Monday, June 4, 2012

The Fifth Woman by Henning Mankell

Someone reminded me that our Swedish cop, a couple of books back, went on indefinite leave from his job suffering from depression after killing a man in the line of duty - as cop drama would have it - a righteous shoot. He was on leave for eighteen months apparently without treatment or supervision. Definitely not the way things are handled in American police forces. In this one I am finally realizing that depression is part of Wallander's personality - and it seems to apply pretty generally to many of his colleagues as well. His father has died, within days of their trip to Rome - and he is not merely grieving, but feeling guilty because they had not repaired their relationship years earlier. One of his officers is shot and nearly dies and he obsesses because he didn't know that the suspect was armed.

Hamlet is frequently referred to as the "melancholy Dane" - are Swedes also given to melancholia? I've heard that Finns are, it probably has something to do with the lack of sunlight in the far north.

We have again the satisfaction of deserving victims in this book.
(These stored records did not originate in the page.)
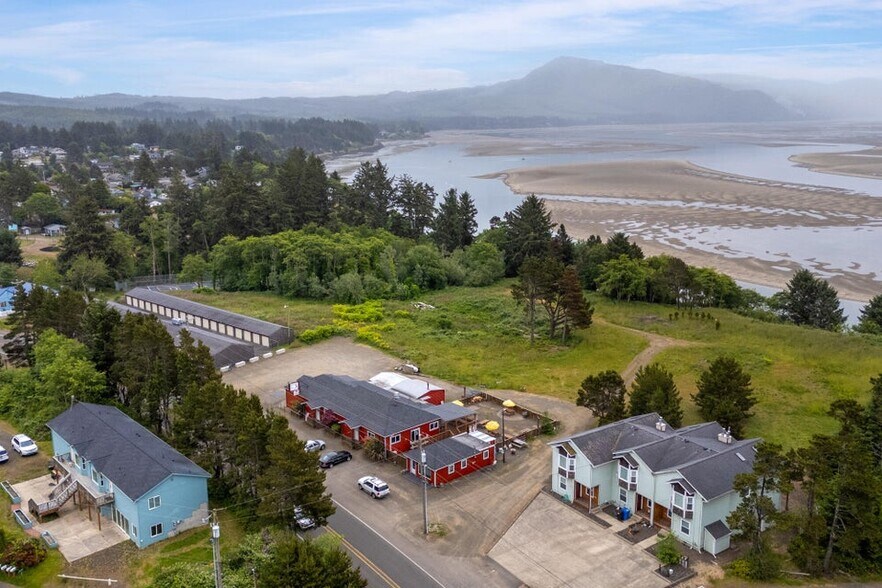 More Photos Of 4805 Netarts Hwy W, Tillamook Restaurant For Sale
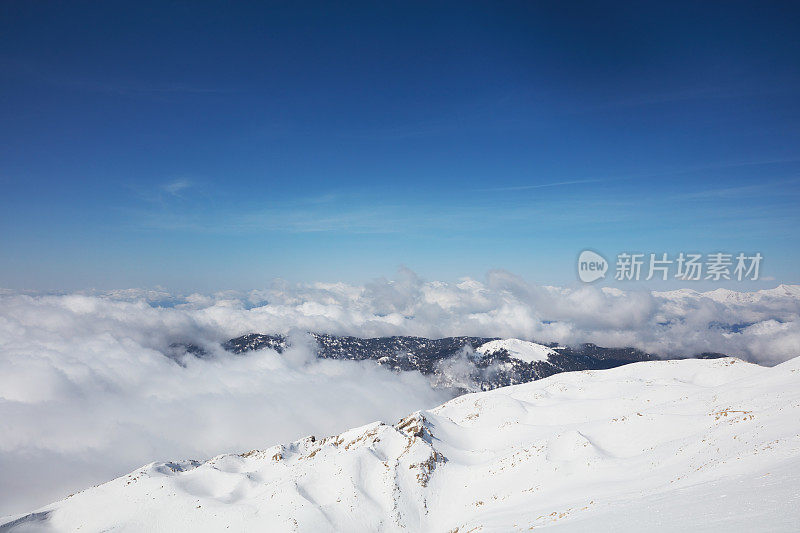 山云景观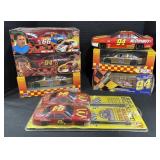 NOS McDonalds Race Car Walkie Talkies.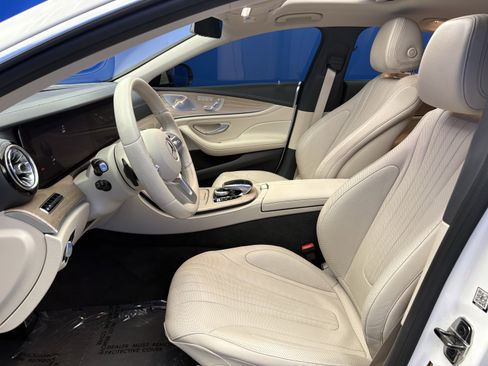 Used 2019 Mercedes-Benz CLS 450 CLS 450 image 12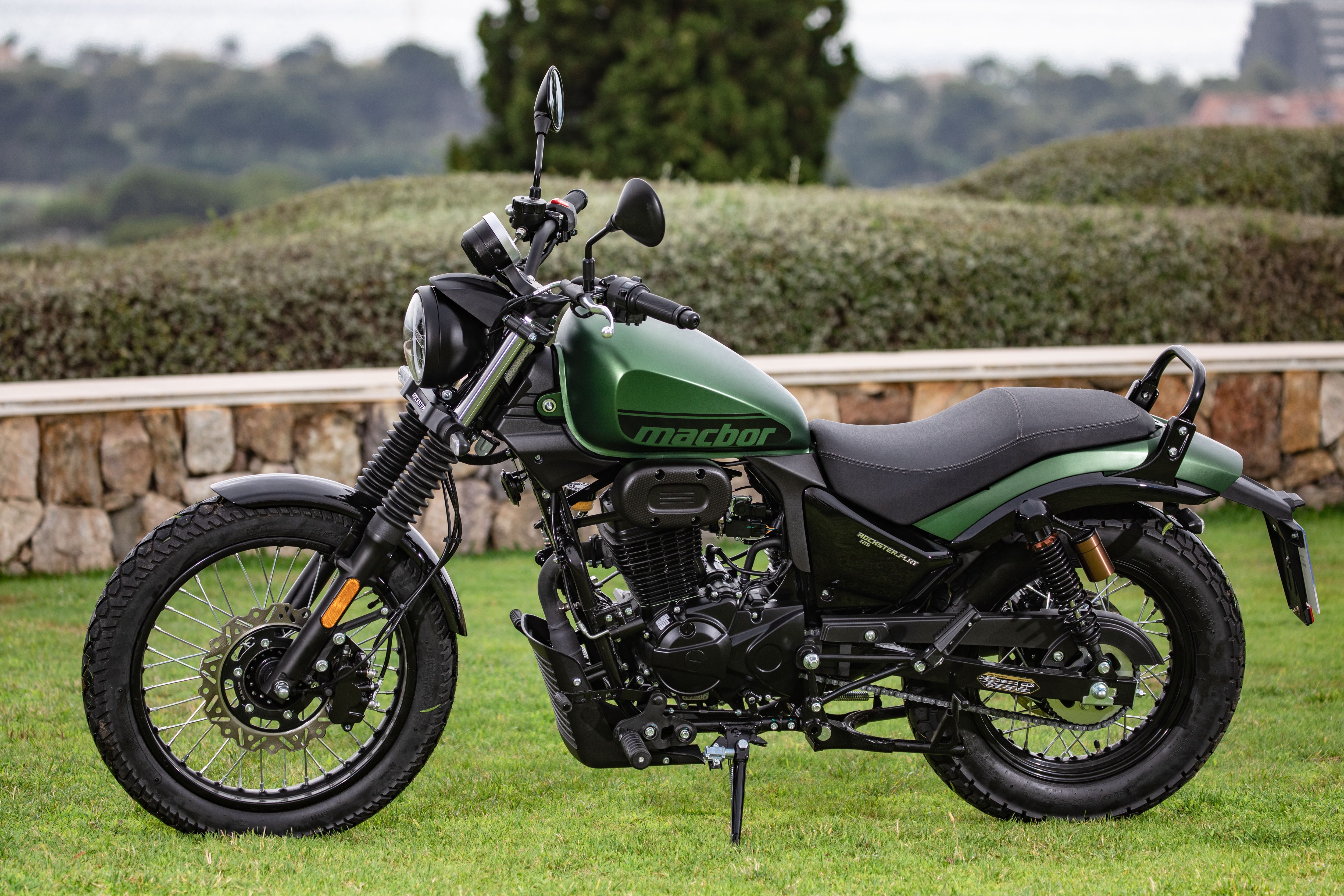 Macbor Rockster125 flat verde (1)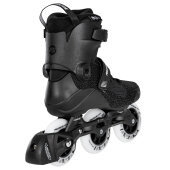 Powerslide Inlineskates Swell Lite Black 100 46/47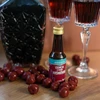 Essenza al gusto di Liquore di Ciliegia per 4 L - 40 ml - 9 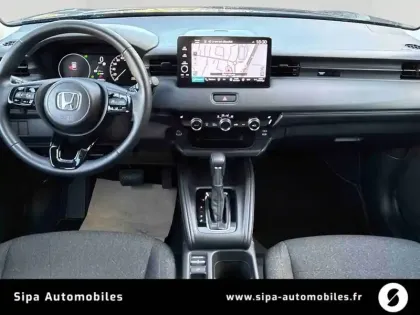 Photo 14 Honda HR-V  e:HEV 1.5 i-MMD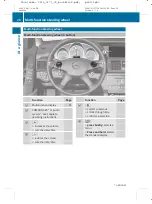 Preview for 31 page of Mercedes-Benz GLK 2008 Owner'S Manual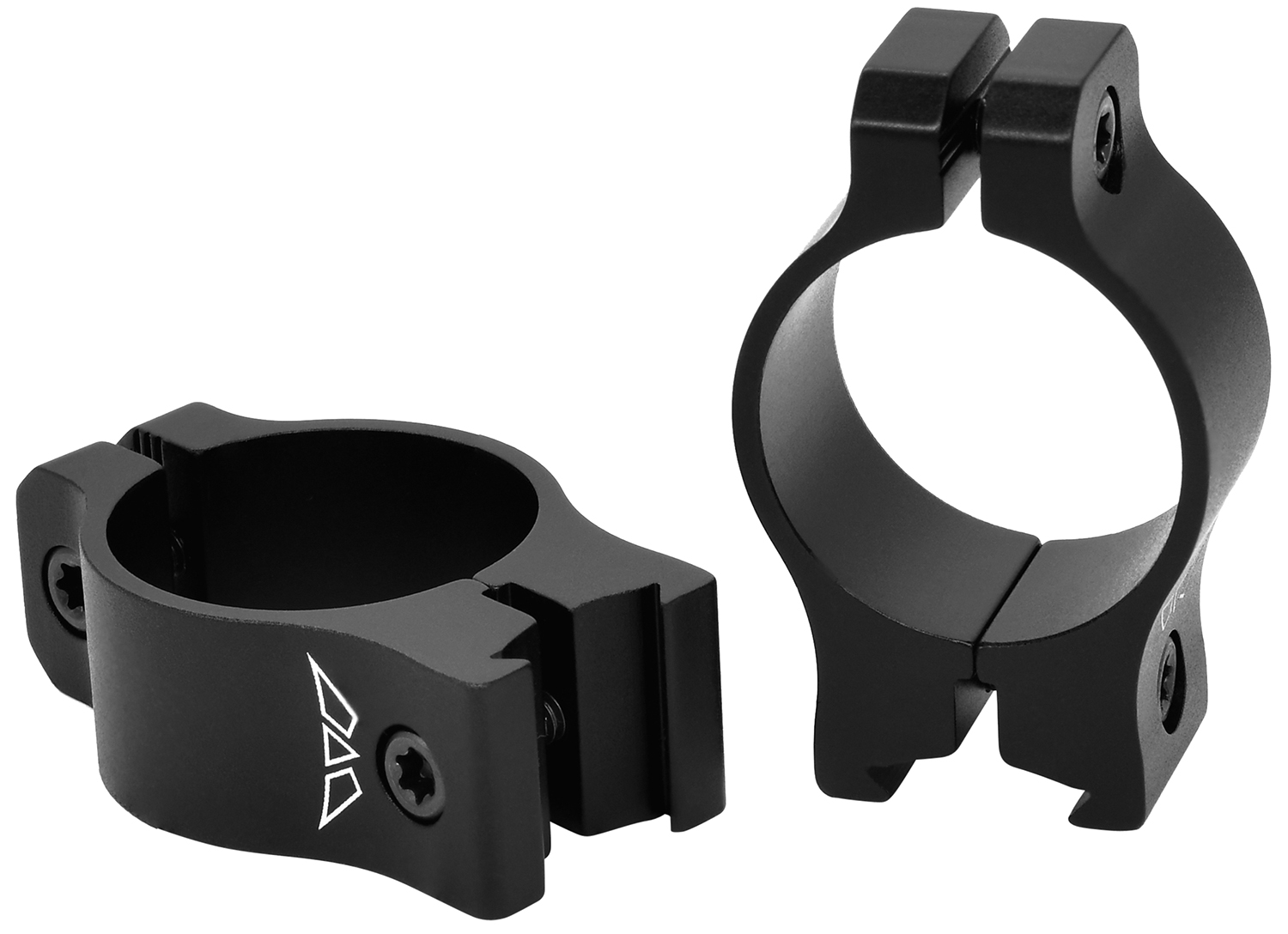 VAPOR RINGS RIMFIRE 1" LOW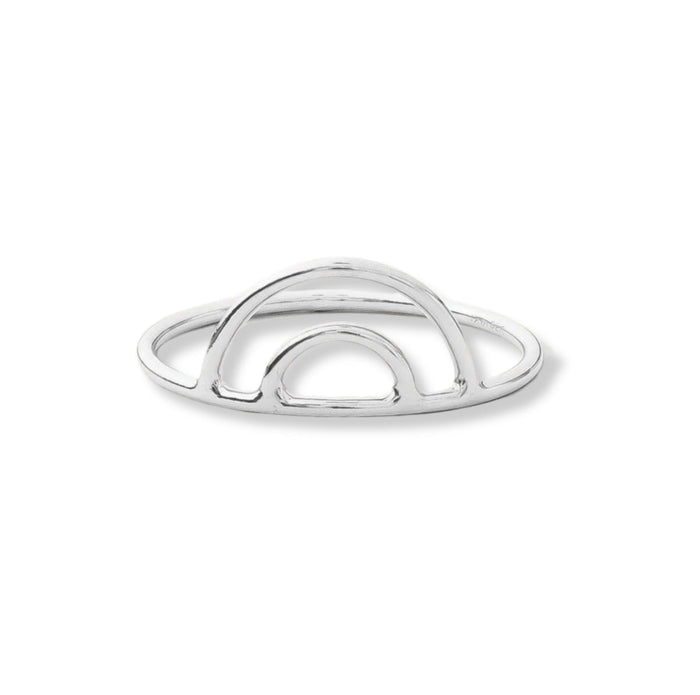 Rainbow Ring - Le Serey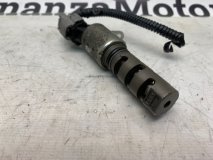 Клапан электромагнитный изменения фаз ГРМ Toyota Corolla 150 2ZR-FE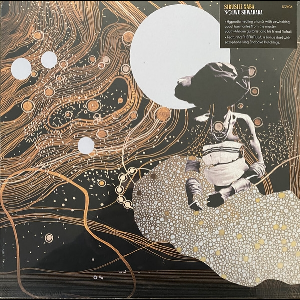 Sibusile Xaba – Ngiwu Shwabada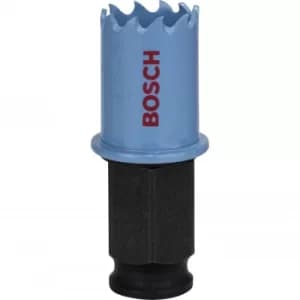 Bosch Sheet Metal Hole Saw 21mm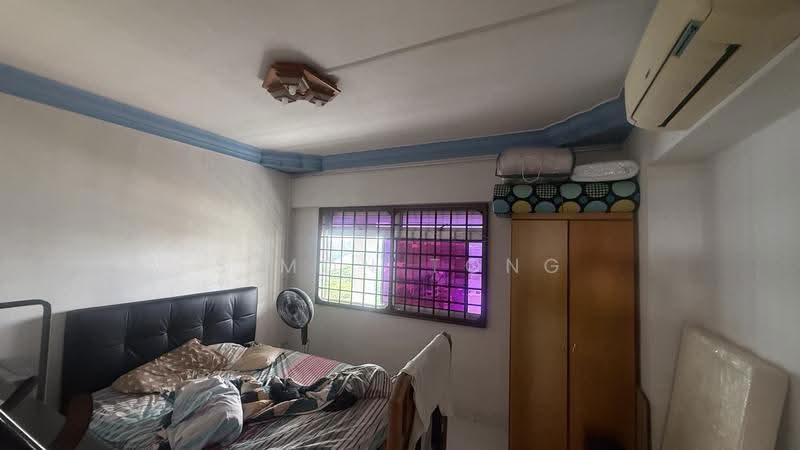 163 Yung Ping Road, 163 Yung Ping Road, Boon Lay / Jurong / Tuas, 3 Bedrooms, 1,550 sqft, HDB Flat For Sale, by Simon Tong, 500293507 - Bedroom - PropertyGuru.com.sg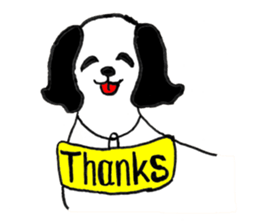 Cat Family - ENGLISH sticker #8193718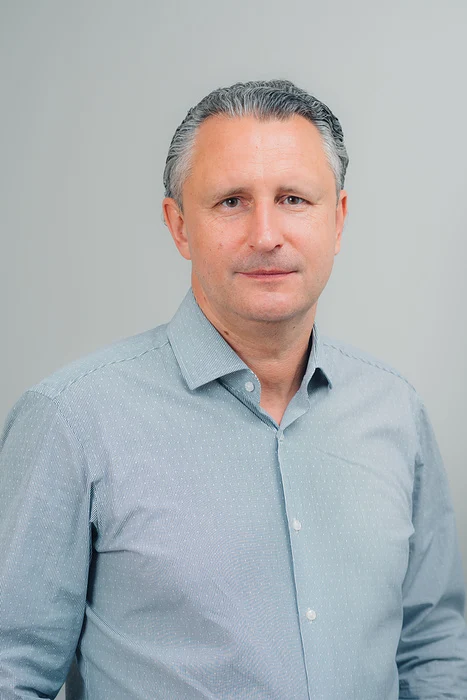 Audrius Kairevičius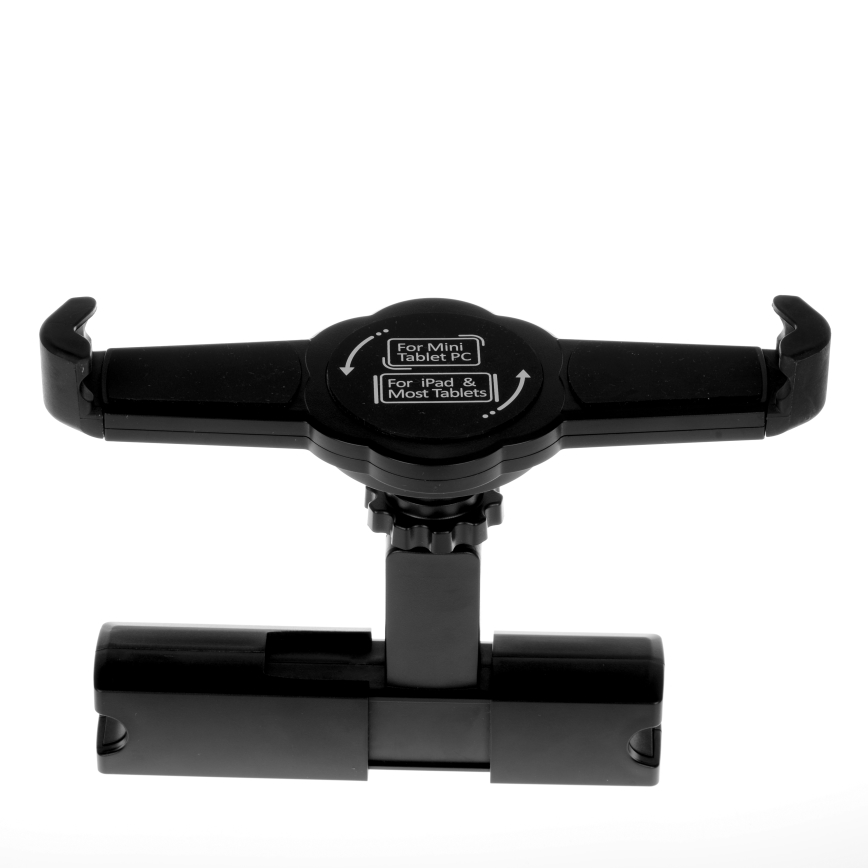 Winner Group - Držák tabletu na opěrku do auta černá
The octogenarian bird watcher and the florist/orchid fancier have dark pasts which have caused the killer to select them for fairly gruesome deaths.

There are two layers to the title of the book. We know one from the very beginning that Wallander does not discover until the very end. The killer's mother was killed along with a group of nuns somewhere in Africa and the letter that she finally receives from a police officer there sets things in motion. It seems that the international press were given the story of the four nuns, but the powers-that-be elected to suppress the fact that a Swedish tourist was also murdered. They essentially wrote her out of existence. The young officer while going through the dead woman's possessions finds several unfinished letters to her daughter and is persuaded that she must notify the daughter of what has happened in spite of the possible repercussions affecting her own career. The second "fifth woman" is the killer herself. As Wallander follows chains of conjecture he senses that there is a "fifth woman" just out of reach.

The next one of these I have on paper. My sequential reading has finally caught up with the stack of books that a friend loaned me back about spring break. Still, these are so grim that I need to read something in a warmer climate before going on to the next one.